**WHAT THIS TASK INVOLVES**
Only the closing stretch of the material is wanted: the line containing "Pop Candy - Polka dot pants - white" and every line after it, transcribed exactly.
================================
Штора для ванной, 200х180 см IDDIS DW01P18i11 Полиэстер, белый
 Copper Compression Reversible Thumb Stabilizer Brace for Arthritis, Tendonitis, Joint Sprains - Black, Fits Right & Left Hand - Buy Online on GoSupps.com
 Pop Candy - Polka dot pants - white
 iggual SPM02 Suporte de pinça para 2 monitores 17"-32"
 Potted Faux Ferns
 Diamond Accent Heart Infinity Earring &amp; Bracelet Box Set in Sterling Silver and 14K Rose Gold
================================
**ANSWER BELOW**
 Pop Candy - Polka dot pants - white
 iggual SPM02 Suporte de pinça para 2 monitores 17"-32"
 Potted Faux Ferns
 Diamond Accent Heart Infinity Earring &amp; Bracelet Box Set in Sterling Silver and 14K Rose Gold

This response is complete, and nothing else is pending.